ETA: It was super obvious. All I needed to do (after specifying the split in the data call) was add .to_pandas()
.
I've scoured the documentation but I am not finding what I need and I feel a little bit like I'm going crazy. I think perhaps I'm just not searching the right terms or missing something very obvious.
I have the hugging face datasets library installed and am able to successfully download a dataset off the hub in my notebook.
from datasets import load_dataset
ds = load_dataset("papluca/language-identification")
and when I run ds
I see the following:
DatasetDict({
train: Dataset({
features: ['labels', 'text'],
num_rows: 70000
})
validation: Dataset({
features: ['labels', 'text'],
num_rows: 10000
})
test: Dataset({
features: ['labels', 'text'],
num_rows: 10000
})
})
The problem is that once it's in my notebook, I cannot seem to figure out how to access the data itself. I'd like it to be in a pandas dataframe so that I can then work on the data like normal. I did figure out that if I run the below (specifying train
as the split), it changes type(ds)
to a dataset but I still can't figure out how to actually view the data itself.

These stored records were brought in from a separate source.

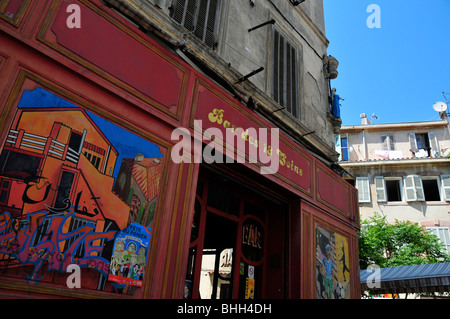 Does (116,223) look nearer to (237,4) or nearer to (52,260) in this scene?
(52,260)

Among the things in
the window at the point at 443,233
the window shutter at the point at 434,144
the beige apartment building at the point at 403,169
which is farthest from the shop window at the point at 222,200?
the window shutter at the point at 434,144

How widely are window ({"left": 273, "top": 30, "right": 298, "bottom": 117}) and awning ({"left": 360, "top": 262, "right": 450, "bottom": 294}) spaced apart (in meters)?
5.52

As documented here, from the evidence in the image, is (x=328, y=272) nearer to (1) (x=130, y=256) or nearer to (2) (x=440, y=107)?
(1) (x=130, y=256)

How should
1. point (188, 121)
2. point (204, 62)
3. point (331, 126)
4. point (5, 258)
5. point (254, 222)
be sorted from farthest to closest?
point (331, 126), point (254, 222), point (204, 62), point (188, 121), point (5, 258)

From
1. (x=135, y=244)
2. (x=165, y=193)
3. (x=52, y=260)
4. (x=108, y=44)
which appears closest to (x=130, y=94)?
(x=108, y=44)

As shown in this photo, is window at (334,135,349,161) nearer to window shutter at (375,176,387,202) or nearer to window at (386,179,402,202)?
window shutter at (375,176,387,202)

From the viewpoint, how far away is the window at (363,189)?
19.5 meters

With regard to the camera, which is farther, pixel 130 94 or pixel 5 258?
pixel 130 94

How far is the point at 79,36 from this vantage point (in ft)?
12.4

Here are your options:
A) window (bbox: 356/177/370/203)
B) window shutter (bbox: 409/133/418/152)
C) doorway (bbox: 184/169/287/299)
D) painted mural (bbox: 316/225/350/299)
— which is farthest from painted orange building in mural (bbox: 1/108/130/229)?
window shutter (bbox: 409/133/418/152)

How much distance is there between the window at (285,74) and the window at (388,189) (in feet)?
44.0

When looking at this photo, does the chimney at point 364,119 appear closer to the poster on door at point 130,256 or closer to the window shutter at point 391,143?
the window shutter at point 391,143

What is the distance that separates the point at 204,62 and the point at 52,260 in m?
3.64

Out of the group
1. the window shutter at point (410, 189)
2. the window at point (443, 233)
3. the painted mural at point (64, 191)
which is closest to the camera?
the painted mural at point (64, 191) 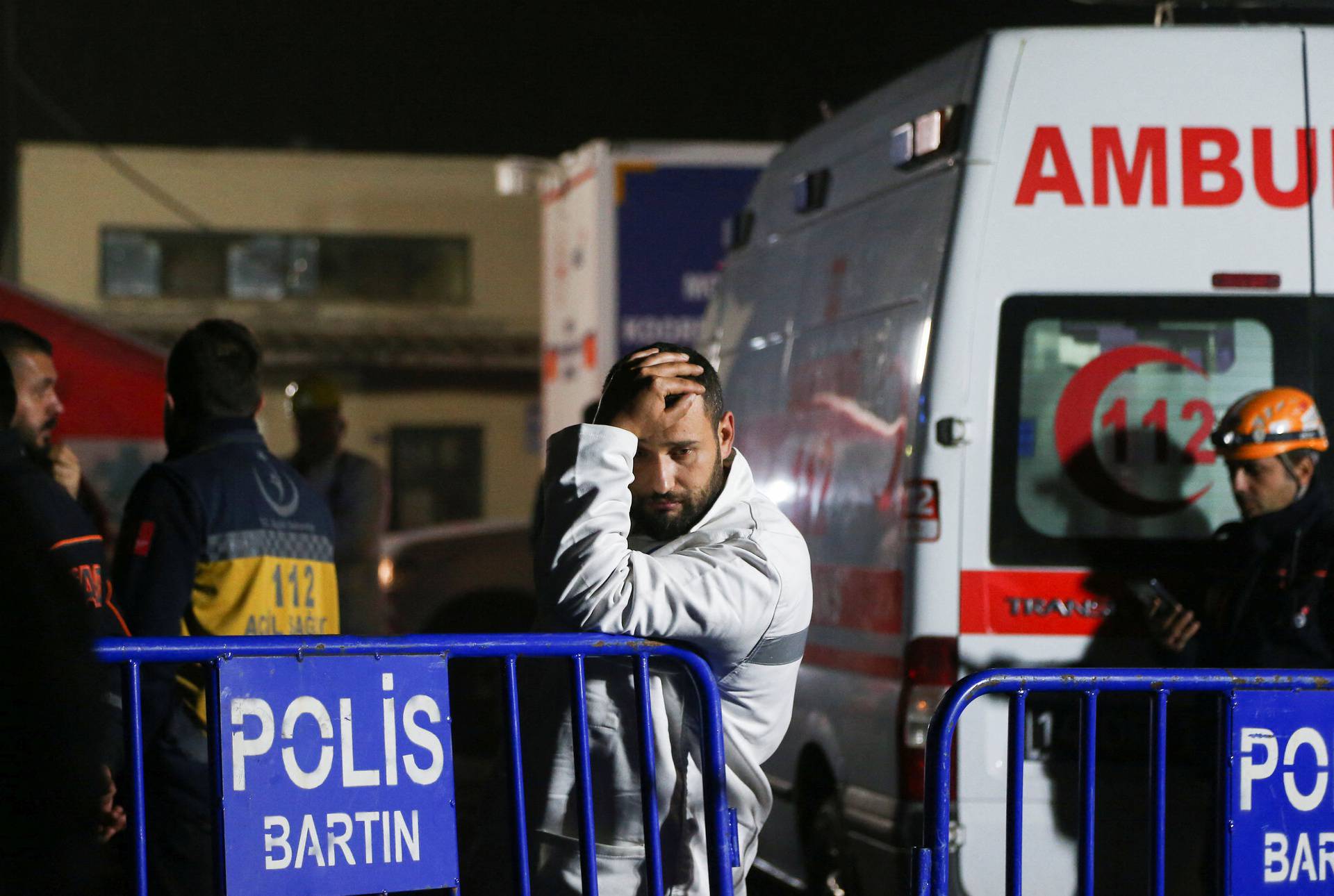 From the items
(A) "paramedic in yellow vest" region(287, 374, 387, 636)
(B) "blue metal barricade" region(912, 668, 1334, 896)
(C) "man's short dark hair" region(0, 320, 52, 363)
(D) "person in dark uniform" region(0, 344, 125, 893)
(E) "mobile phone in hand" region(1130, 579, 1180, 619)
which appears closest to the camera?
(D) "person in dark uniform" region(0, 344, 125, 893)

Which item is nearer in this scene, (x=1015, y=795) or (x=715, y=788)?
(x=715, y=788)

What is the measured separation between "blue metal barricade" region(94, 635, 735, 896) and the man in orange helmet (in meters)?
1.89

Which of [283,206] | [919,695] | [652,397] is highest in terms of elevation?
[283,206]

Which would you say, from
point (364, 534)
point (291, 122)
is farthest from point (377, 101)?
point (364, 534)

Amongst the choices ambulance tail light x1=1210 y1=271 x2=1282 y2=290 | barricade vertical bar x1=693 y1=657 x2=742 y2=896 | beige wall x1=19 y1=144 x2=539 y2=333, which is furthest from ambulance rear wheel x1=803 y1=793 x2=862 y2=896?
beige wall x1=19 y1=144 x2=539 y2=333

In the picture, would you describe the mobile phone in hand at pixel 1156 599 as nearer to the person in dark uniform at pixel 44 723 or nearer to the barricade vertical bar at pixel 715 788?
the barricade vertical bar at pixel 715 788

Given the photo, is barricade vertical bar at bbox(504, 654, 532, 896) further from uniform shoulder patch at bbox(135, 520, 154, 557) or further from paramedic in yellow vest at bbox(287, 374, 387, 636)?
paramedic in yellow vest at bbox(287, 374, 387, 636)

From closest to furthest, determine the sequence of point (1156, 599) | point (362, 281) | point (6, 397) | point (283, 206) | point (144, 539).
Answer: point (6, 397), point (144, 539), point (1156, 599), point (283, 206), point (362, 281)

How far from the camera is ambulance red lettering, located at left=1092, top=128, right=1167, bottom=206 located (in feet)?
15.3

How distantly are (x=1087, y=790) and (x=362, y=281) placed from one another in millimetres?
28396

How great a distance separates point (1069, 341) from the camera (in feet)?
15.2

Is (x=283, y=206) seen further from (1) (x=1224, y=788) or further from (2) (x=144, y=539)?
(1) (x=1224, y=788)

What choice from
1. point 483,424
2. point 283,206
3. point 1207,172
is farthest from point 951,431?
point 283,206

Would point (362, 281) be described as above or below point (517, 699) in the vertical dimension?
above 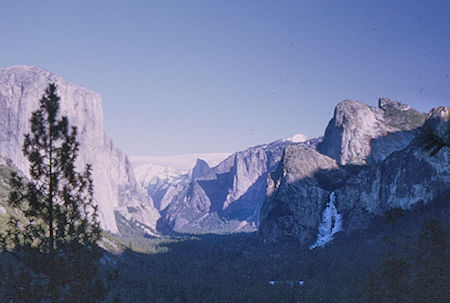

ds = load_dataset("papluca/language-identification", split="train")
and when I run ds
this time it returns
Dataset({
features: ['labels', 'text'],
num_rows: 70000
})
What (probably very obvious) step am I missing to be able to work with the data so that if I run something like df.head()
it will return the below?
id | text | language
0 | the grass is green | english
1 | bonjour, ca va? | french
2 | como se dice | spanish
first you need to convert HF dataset to pandas
df = ds['train'].to_pandas()
then
df.head()
works fine.